7. The method of claim 1, wherein the bitumen is naturally-occurring bitumen within the formation.
8. The method of claim 1, wherein the shale formation comprises kerogen, bitumen, and a mobile oil.
9. The method of claim 1, further comprising:
prior to said injecting, recovering oil from the portion of the organic shale formation.
10. The method of claim 1, further comprising:
heating the treatment fluid to a temperature of 150° C. before said injecting treatment fluid into the portion of the shale formation.
11. The method of claim 1, wherein the solvent does not include xylene.
13. The method of claim 12, wherein the solvent comprises one of a terpene-based solvent, a limonene-based solvent, a pinene-based solvent, or a combination thereof.
14. The method of claim 12, wherein the solvent comprises one of cyclohexanone, N-methylpyrrolidinone, an aromatic fluid, a dialkyl ether, an alkylated fatty acid, a fatty acid alkyl ester, an alkenoic acid ester, 2-methyltetrahydrofuran, or a combination thereof.
15. The method of claim 12, wherein the solvent comprises one of a limonene-based solvent, a pinene-based solvent, cyclohexanone, N-methylpyrrolidinone, an aromatic fluid, a dialkyl ether, an alkylated fatty acid, a fatty acid alkyl ester, an alkenoic acid ester, 2-methyltetrahydrofuran, or a combination thereof.
16. The method of claim 12, wherein the diluent comprises one of water and a gas-based foam.
17. The method of claim 12, wherein a portion of the shale formation that is between 100 meters and 1000 meters away from the wellbore is treated with solvent.
18. The method of claim 12, further comprising:
prior to said injecting, recovering oil from the portion of the organic shale formation.
19. The method of claim 12, further comprising:
heating the treatment fluid to a temperature of 150° C. before said injecting treatment fluid into the portion of the shale formation.
20. The method of claim 12, wherein the solvent does not include xylene.
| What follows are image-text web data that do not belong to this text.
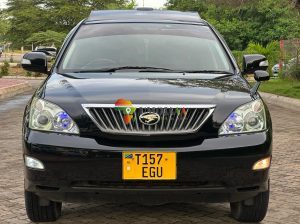 TOYOTA HARRIER 2007 À VENDRE À DAR ES SALAAM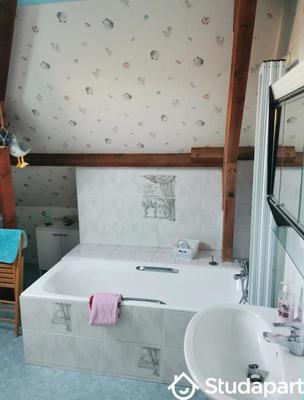 Chambre - 30 m² - 1 pièce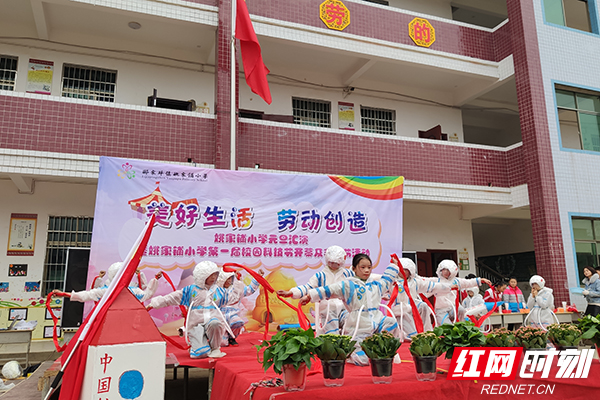 五年级的孩子们通过舞蹈《中国梦·航天梦》，表达他们对中国航天工作者的敬意副本.jpg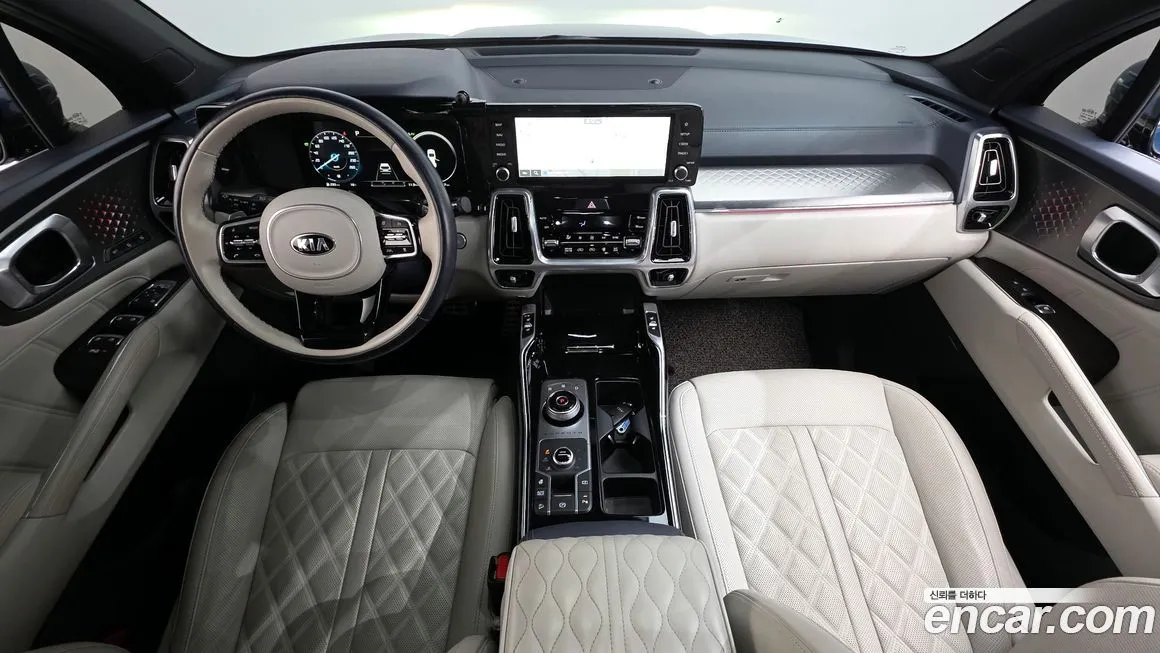 Kia Sorento — фото 9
The present application claims the benefit of U.S. Application Ser. No. 61/863,208 filed Aug. 7, 2013, which application is incorporated herein, in its entirety, by reference.

This disclosure relates to hydrocarbon recovery from formations. In particular, this disclosure relates to treating formations to enhance formation permeability.
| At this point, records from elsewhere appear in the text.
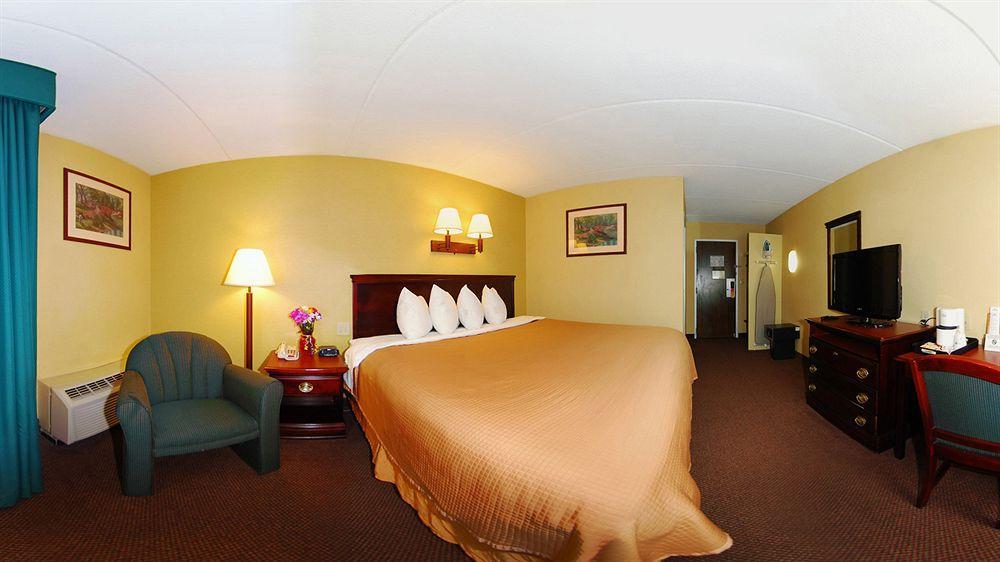 Howard Johnson By Wyndham Saugerties Esterno foto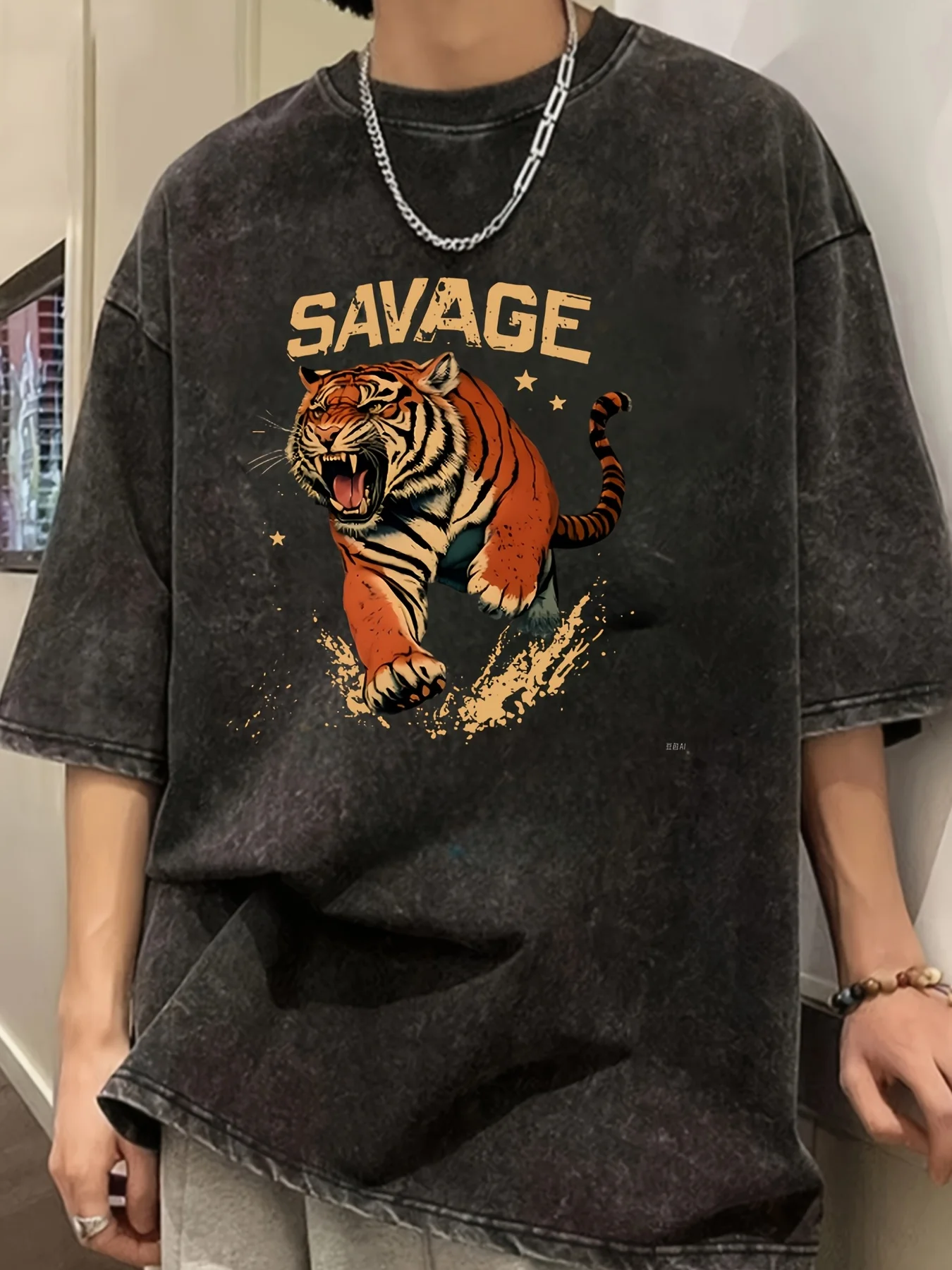 Camiseta de Verano para Hombre, 100% Algodón Lavado, Tela Cómoda, Estampado de Tigre con Letras SAVAGE, Prenda Moderna Adecuada para Uso Diario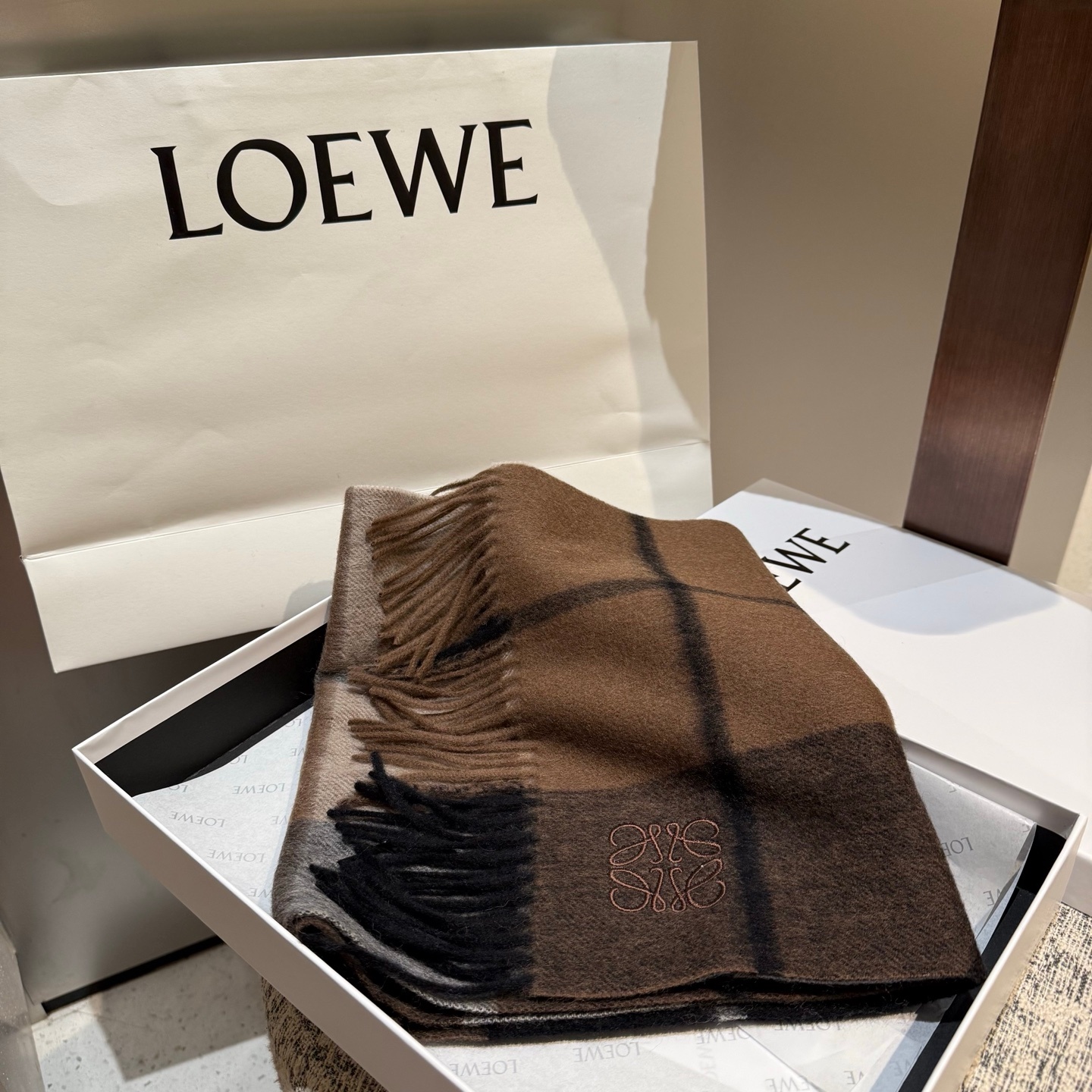 LOE Anagram Jacquard Embroidered Logo Cashmere Scarf  YV25091409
Hydrocarbons, such as oil and gas, are produced from subterranean formations. The formations include many pores that include hydrocarbons. The hydrocarbons are recovered by drilling a wellbore that traverses the subterranean formation. The hydrocarbons migrate through connected pores and fractures within the subterranean formation and into the wellbore, where they travel to the surface. Generally, the more permeable a formation is, the more easily the hydrocarbons pass through the formation and into the wellbore. Conventional reservoirs are relatively permeable so hydrocarbons pass more easily into the wellbore. However, unconventional reservoirs, such as organic shale formations, are less permeable. In particular, organic shale formations include immobile organic matter that can block the flow of hydrocarbons between and through pores within the formation.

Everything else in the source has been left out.